The parents and children of Joanna Michael had brought a claim for damages against the chief constables of Gwent Police and South Wales Police for negligence at common law and under the provisions of the Fatal Accidents Act 1976 and Law Reform Miscellaneous Provisions Act 1934, and for damages under the Human Rights Act for breach of the defendants’ duties as public authorities to protect Michael’s right to life under article 2 of the European Convention on Human Rights.
Michael, who lived in Cardiff, rang 999 twice on the night she died in August 2009. The judgment states police officers arrived at her home to find that she had died of stab wounds. Her attacker subsequently pleaded guilty to murder and was sentenced to life imprisonment.
The police applied for the family’s claims to be struck out or for summary judgment be given in the police’s favour. This was refused at first instance by HH Judge Jarman QC but Court of Appeal judges unanimously ruled that there should be a summary judgment in favour of the police on the negligence claim.

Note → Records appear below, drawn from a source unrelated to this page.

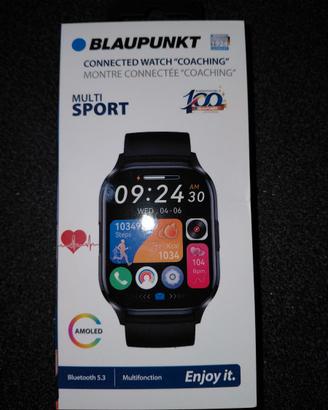 Smartwatch Blaupunkt multi sport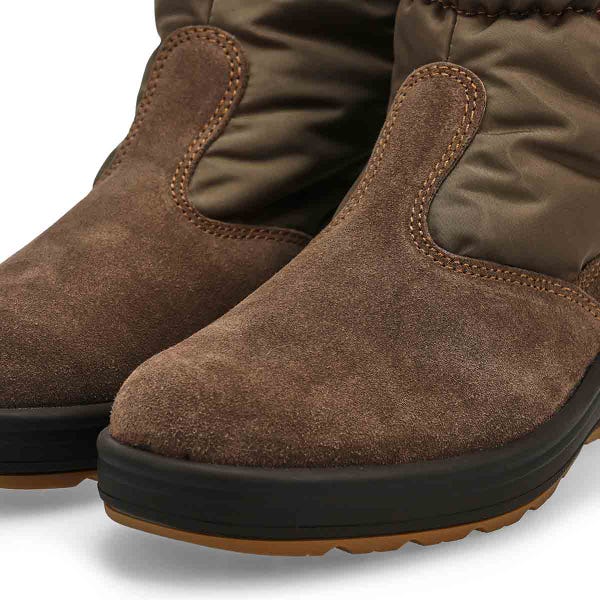 Women's Sira Tall Waterproof  Winter Boot - Taupe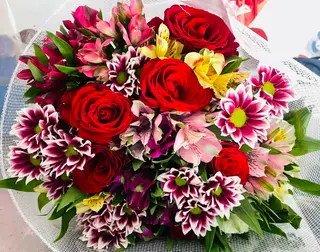 floral fantasy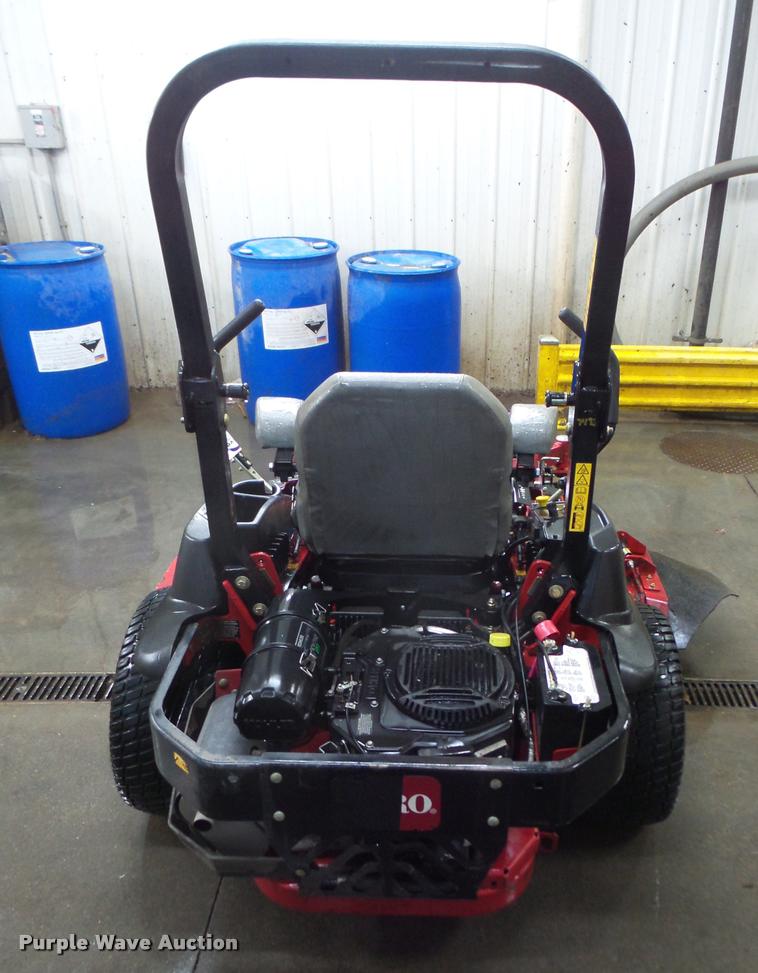 image for item DA1773 Toro Z Master Professional 5000 Series ZTR lawn mower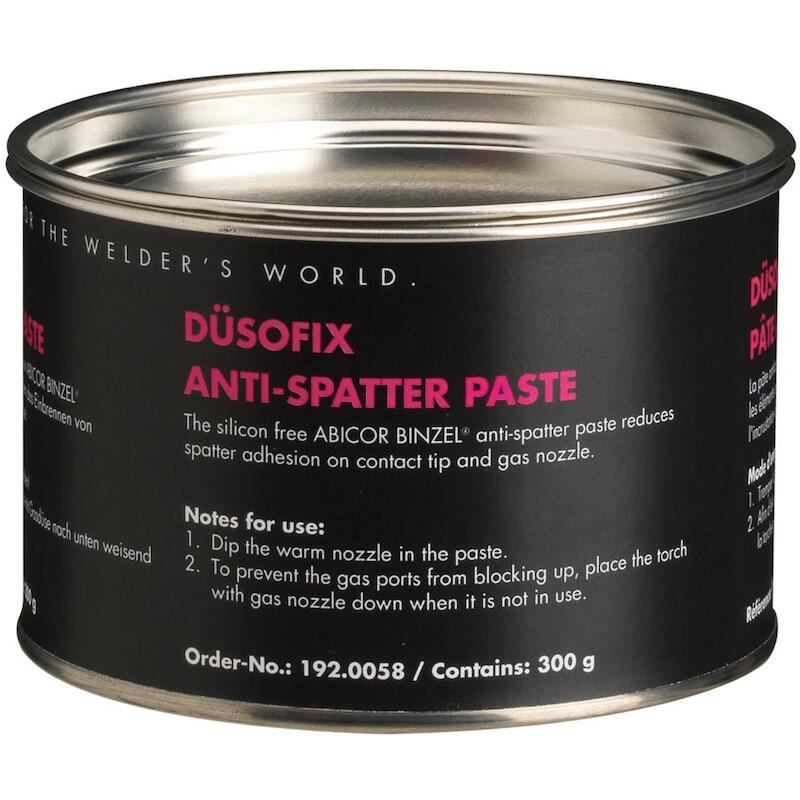 DUSOFIX PASTA   300 GR.     192.0058        BINZEL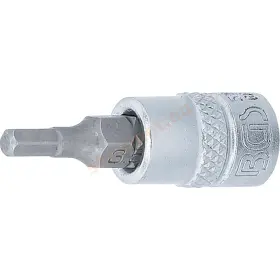 Nástrčná hlavica s bitom HEX 1/4", 3,5 mm - B5155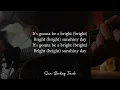 I Can See Clearly Now - Johnny Nash (Acoustic Karaoke)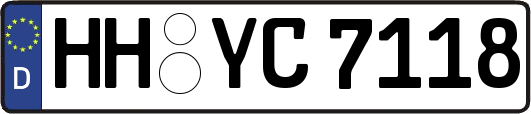 HH-YC7118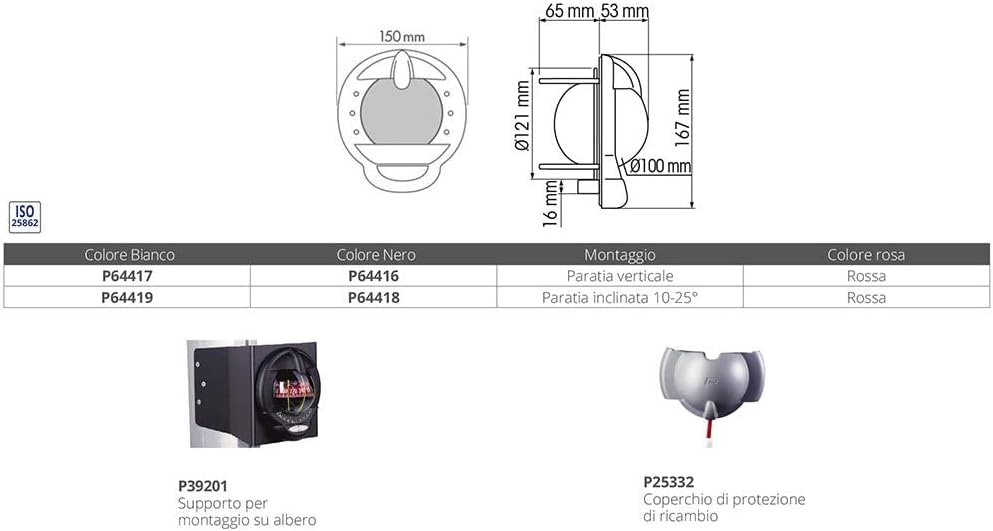 PLASTIMO Unisex-Adult PL64416, Standard, Normal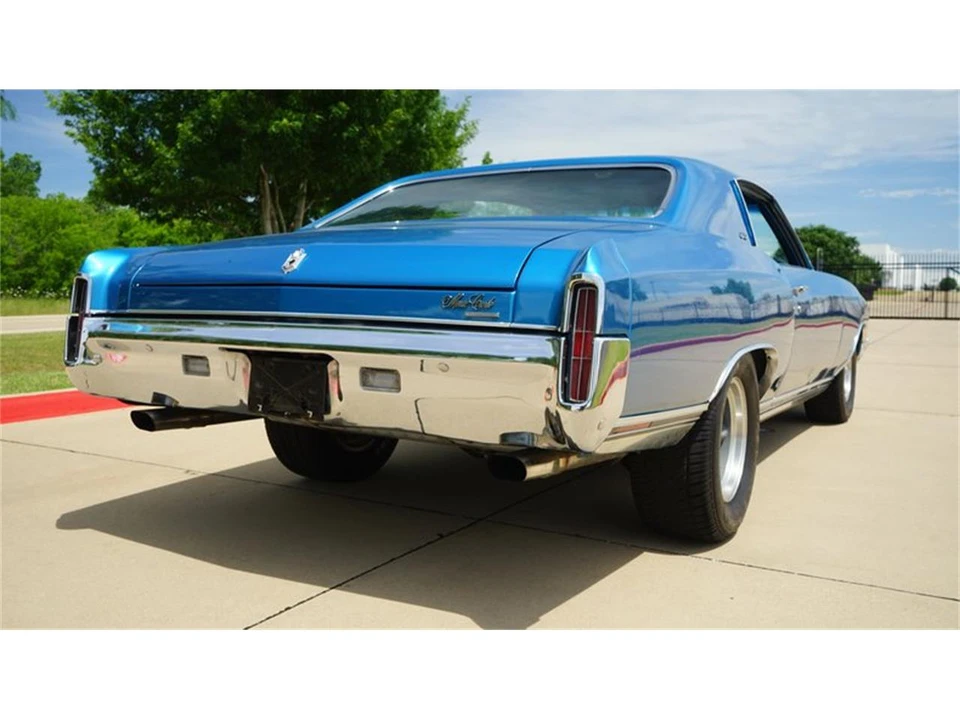 1971 Chevrolet Monte Carlo 1st Gen - Image 15 of 31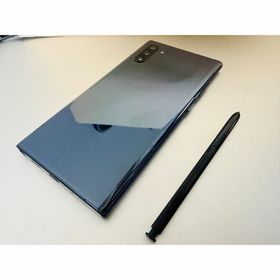 ギャラクシー(Galaxy)のGalaxy Note10+ 5G 256GB SCV45 SIMフリー(スマートフォン本体)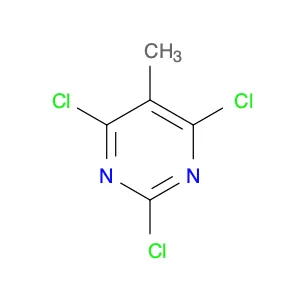 2,4,6-Trichloro-5-methylpyrimidine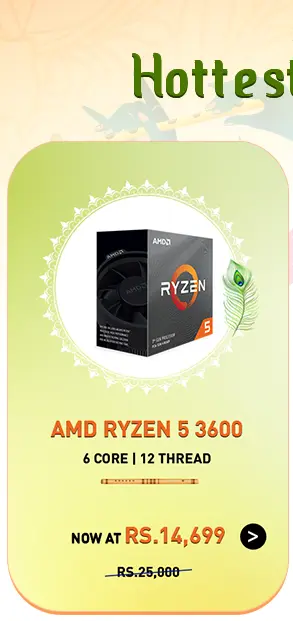 Shop AMD Ryzen 5 3600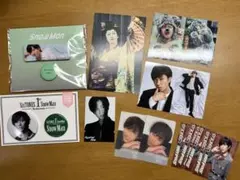 Snow Man 阿部亮平 グッズ まとめ売り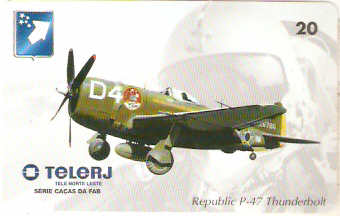 RJ-0642M - Caças da F.A.B. - 02/10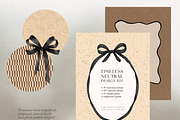 Timeless Neutral Design Kit, a Decorative Illustration by PeDe Designs (Thumbnail 11 of 15)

The Supreme Court considered whether, in the context of police protecting victims from crimes, an exception should be made to the ordinary application of common law principles that a defendant will not generally be liable for harm to a claimant caused by the conduct of a third party.
Lord Toulson, giving lead judgment, and with whom Lord Neuberger, Lord Mance, Lord Reed and Lord Hodge agreed, said English law did not as a general rule impose liability on a defendant for injury or damage to the person or property of a claimant caused by the conduct of a third party.
‘It is one thing to require a person who embarks on action which may harm others to exercise care. It is another matter to hold a person liable in damages for failing to prevent harm caused by someone else.’
Dissenting, Lady Hale supported Lord Kerr’s analysis that ‘the necessary proximity is supplied if the police knew or ought to know of an imminent threat of death or personal injury to a particular individual which they have the means to prevent. Once that proximity is established, it is fair, just and reasonable to expect them to take reasonable care to prevent the harm’.
The Supreme Court unanimously dismissed the police’s cross-appeal against the Court of Appeal’s majority decision that the article 2 claim should proceed to trial.